[Start of section]
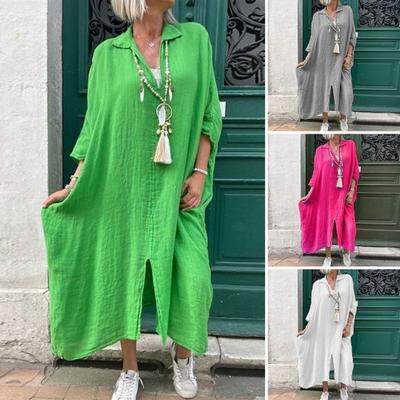 Rochie de vară pentru femei, cu decolteu în V, cu tiv despicat, mâneci trei sferturi, largi, mărime, culoare uni, moale, respirabil, lungime la jumătatea gambei, ocazională, zilnic, rochie midi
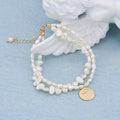 Hip Hop Freshwater Pearl Beaded Bracelet Statement 14k Gold Plated Paper Clip Chain Baroque Pearl Charm Bracelet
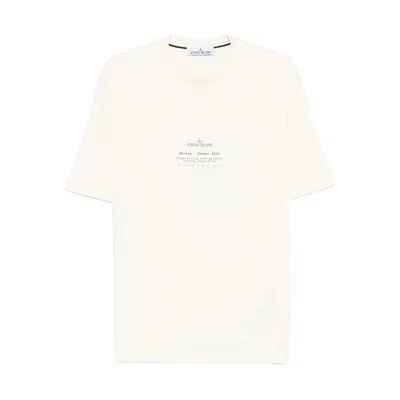 Stone Island Regular Fit T-shirt In Jersey With Stone Print In White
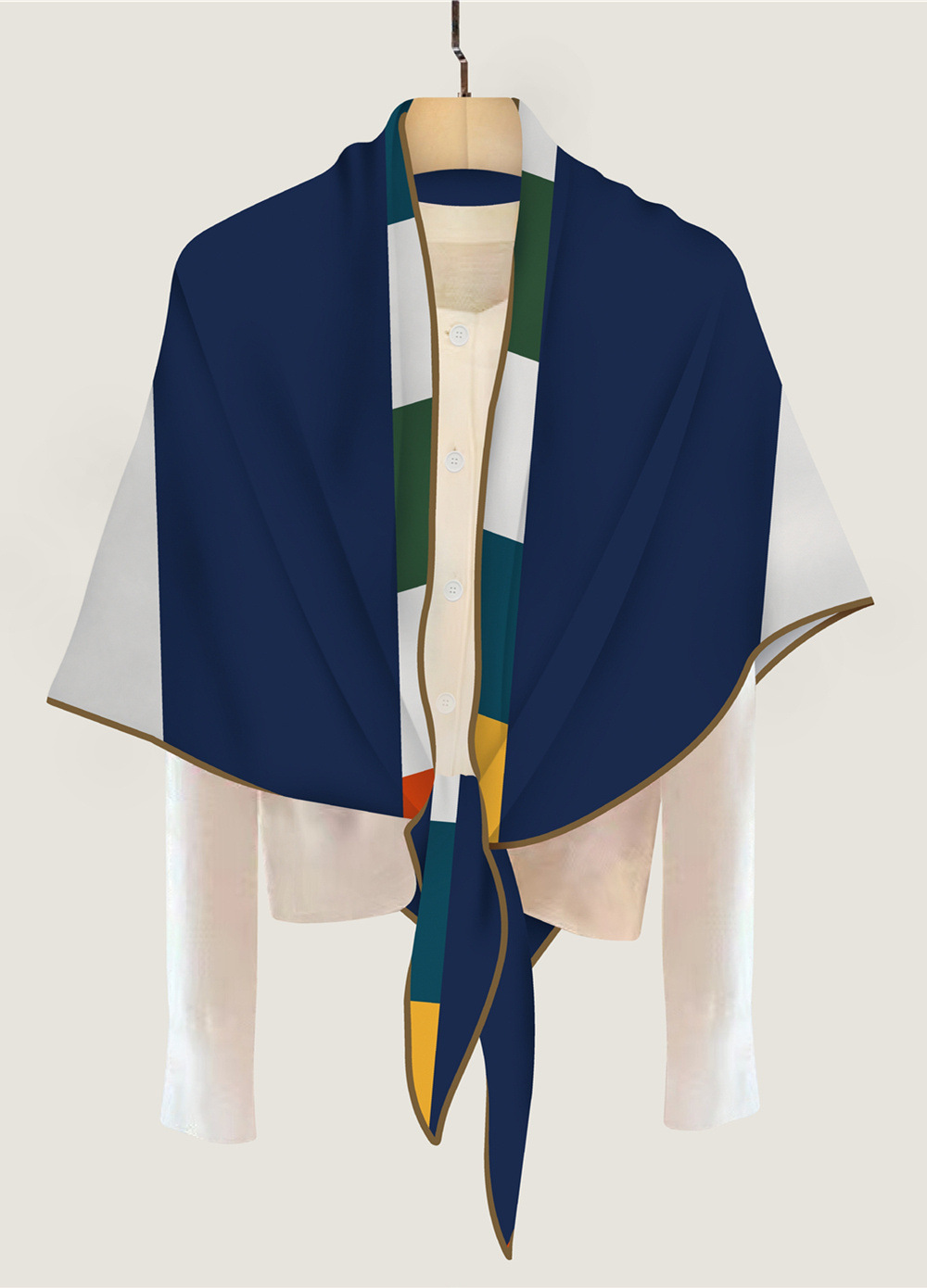 Pashmina Wrap Large - Trójkątny kaszmirowy jedwabny szalik damskie szale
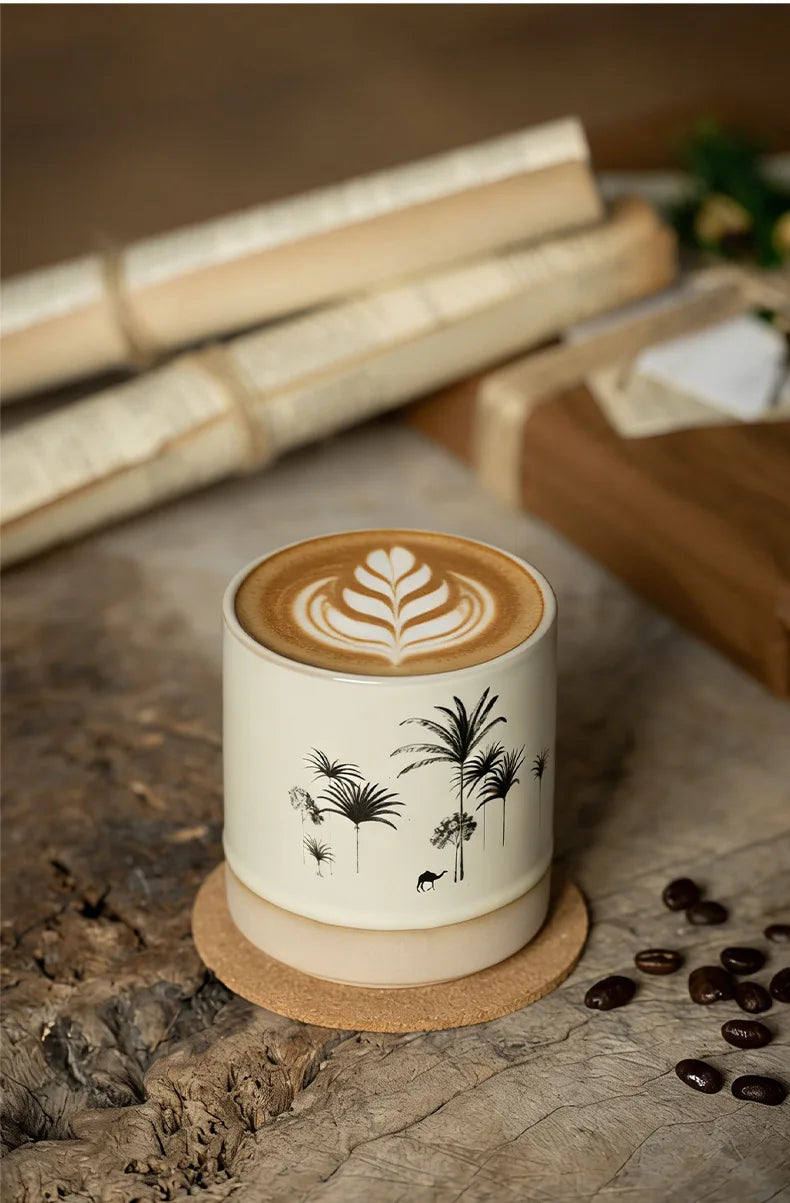 230ML Tasse Rétro en Poterie Grossière Style Moyen-Orient Arbre à Palmiers Arabe Chameau Thé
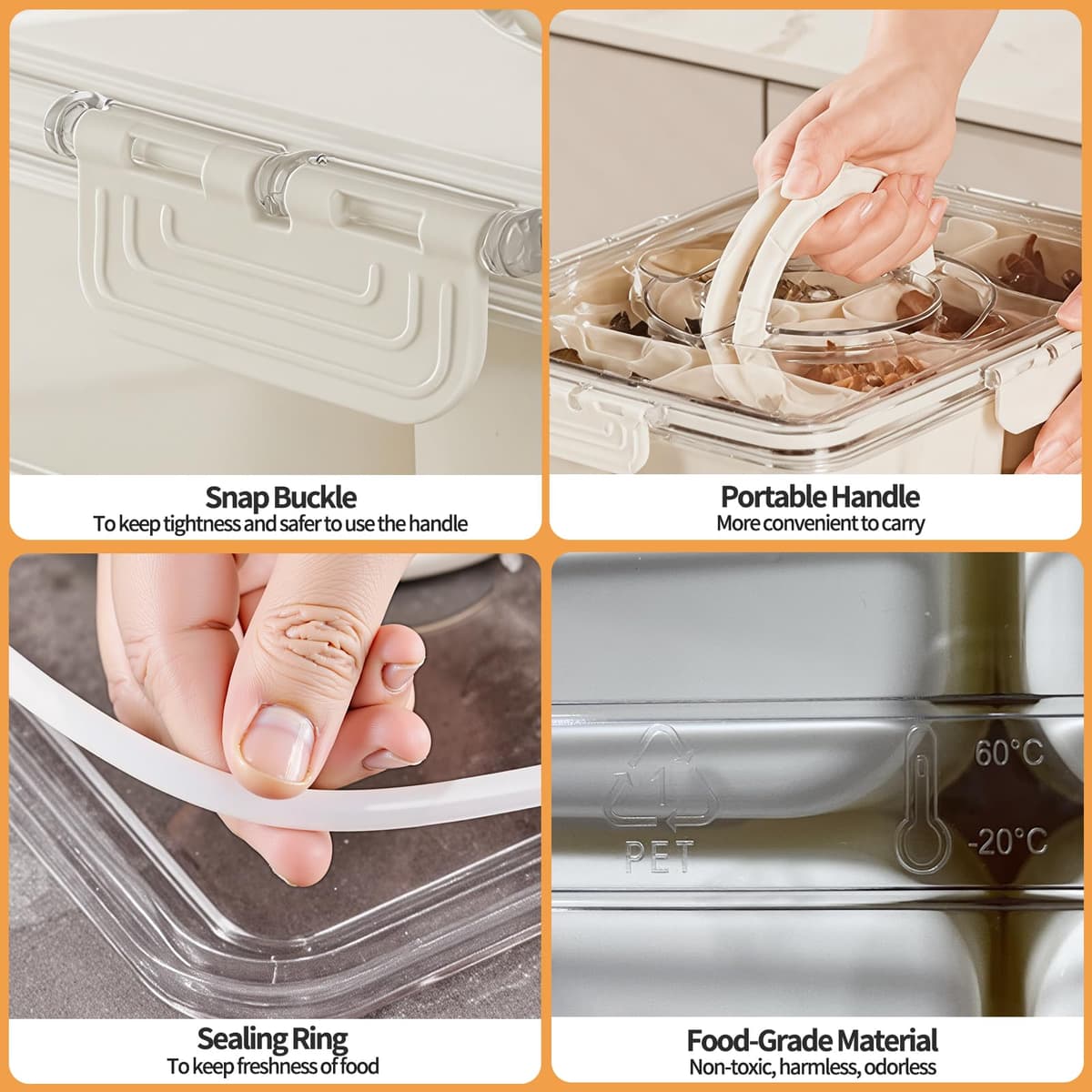 Tavă gustări cu capac și mâner, 8 compartimente tavă servire portabilă – Negru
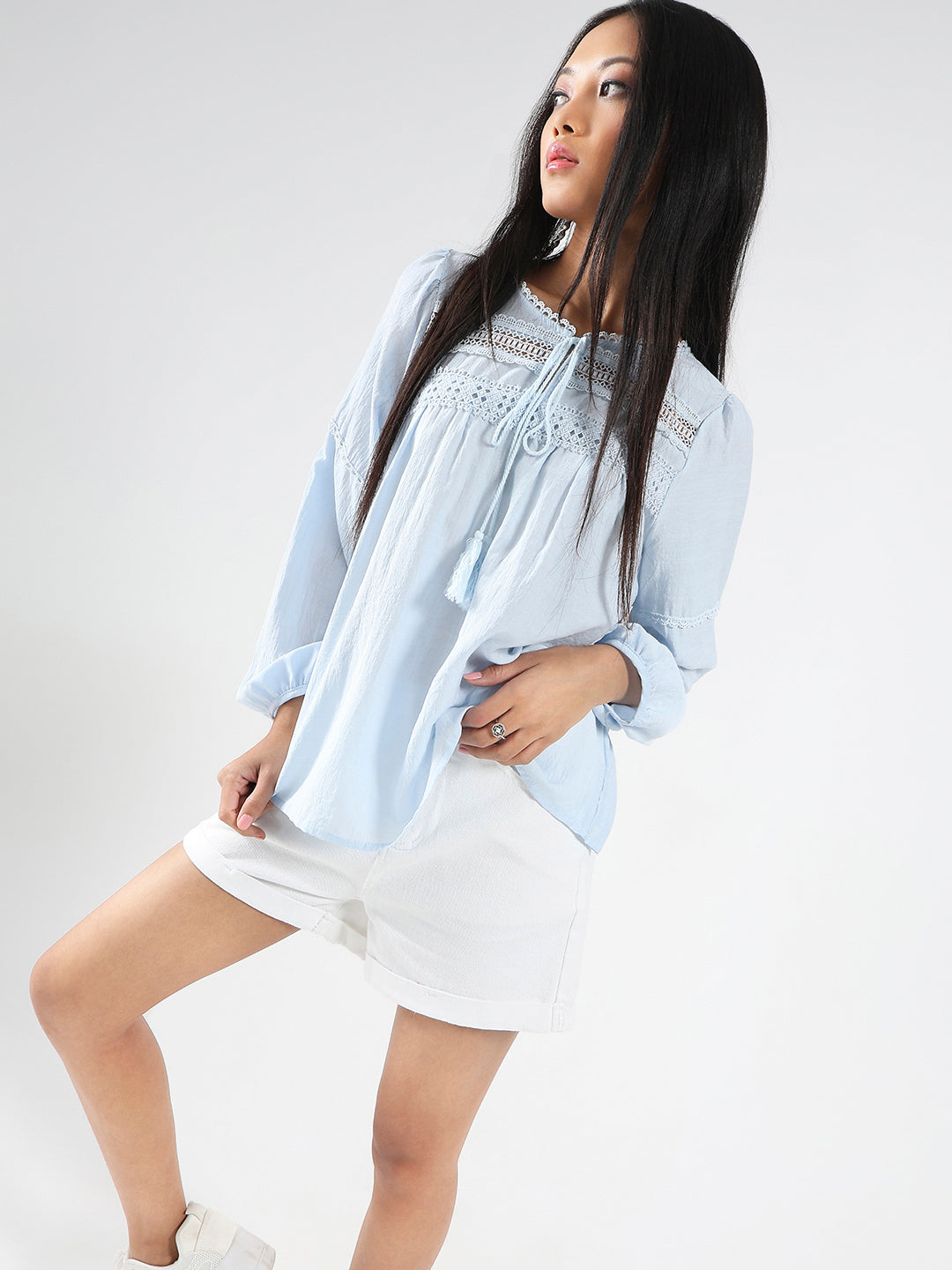 Light Blue Boho Chic Top with Lace and Tassel Tie up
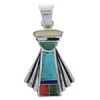 Multicolor Southwest Sterling Silver Pendant Jewelry EX29204
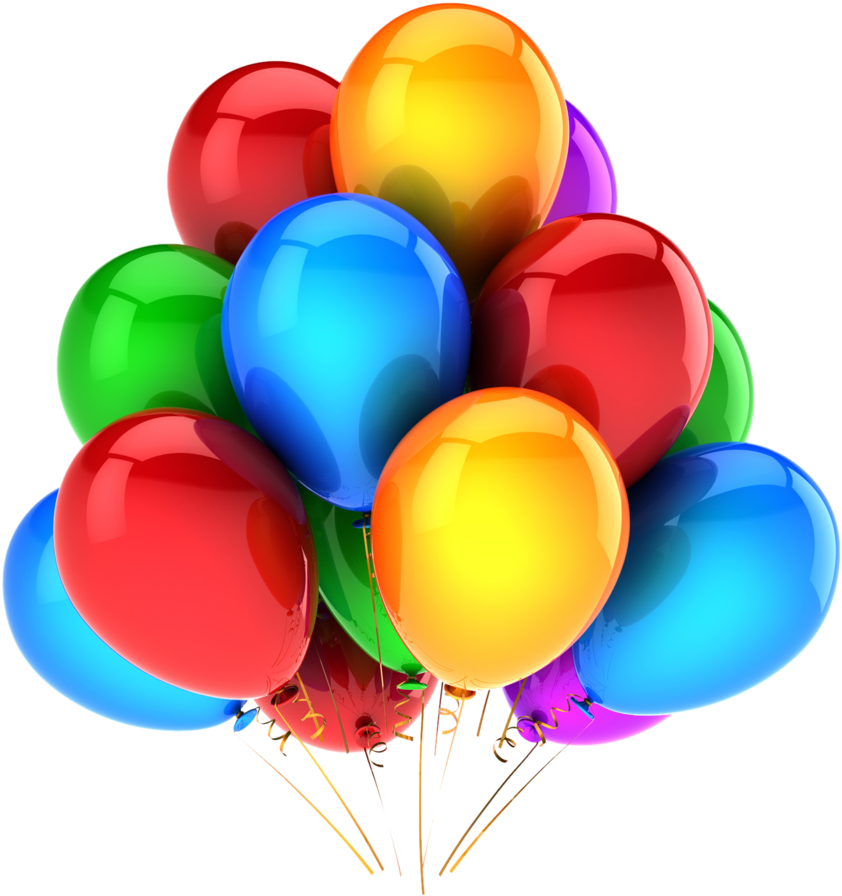 Colorful Happy Birthday Balloons PNG Free File Download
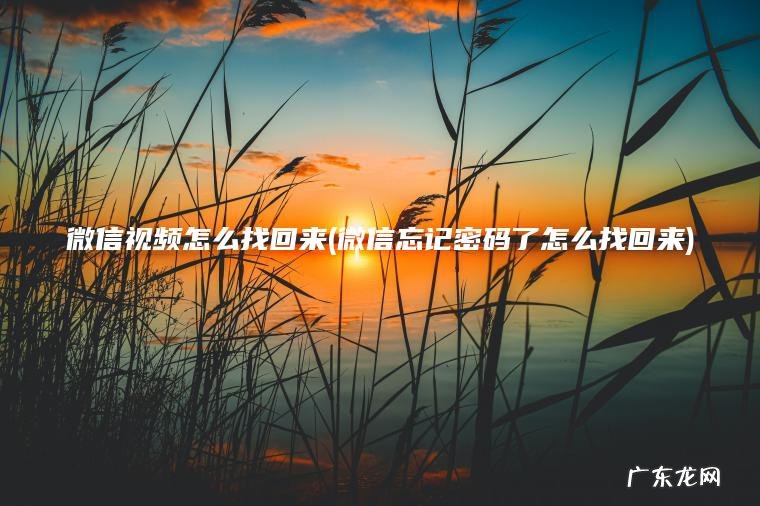 微信忘记密码了怎么找回来 微信视频怎么找回来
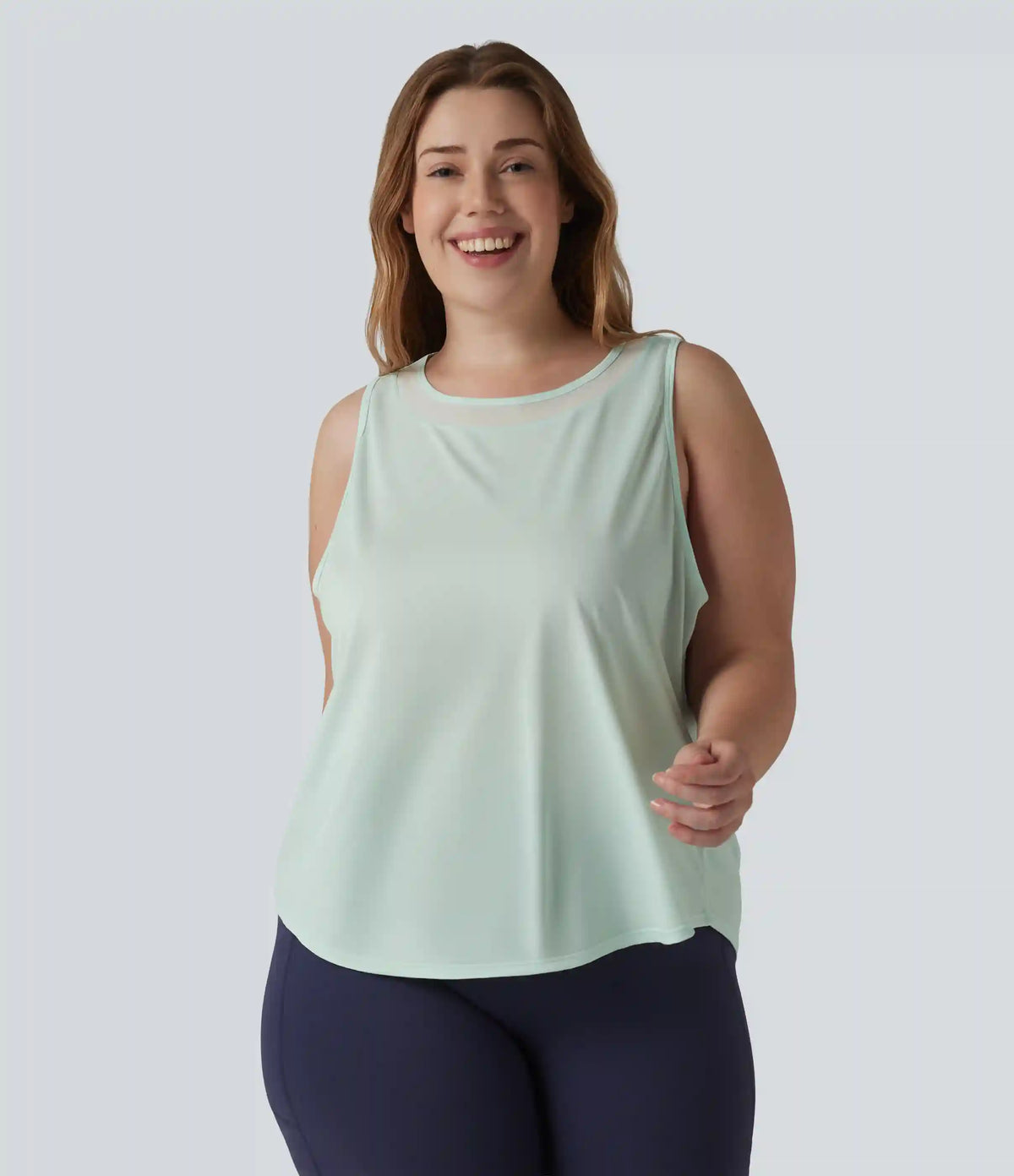 Plus Size Contrast Mesh Curved Hem Running Tank Top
[End of section]
WHAT IS EXPECTED - Where the line with "Colorful Happy Birthday" appears in the entries above, begin there and restate every line to the end word for word, minus the pictures.

OUTPUT BELOW -
 Colorful Happy Birthday Balloons PNG Free File Download
 微信忘记密码了怎么找回来 微信视频怎么找回来
 Plus Size Contrast Mesh Curved Hem Running Tank Top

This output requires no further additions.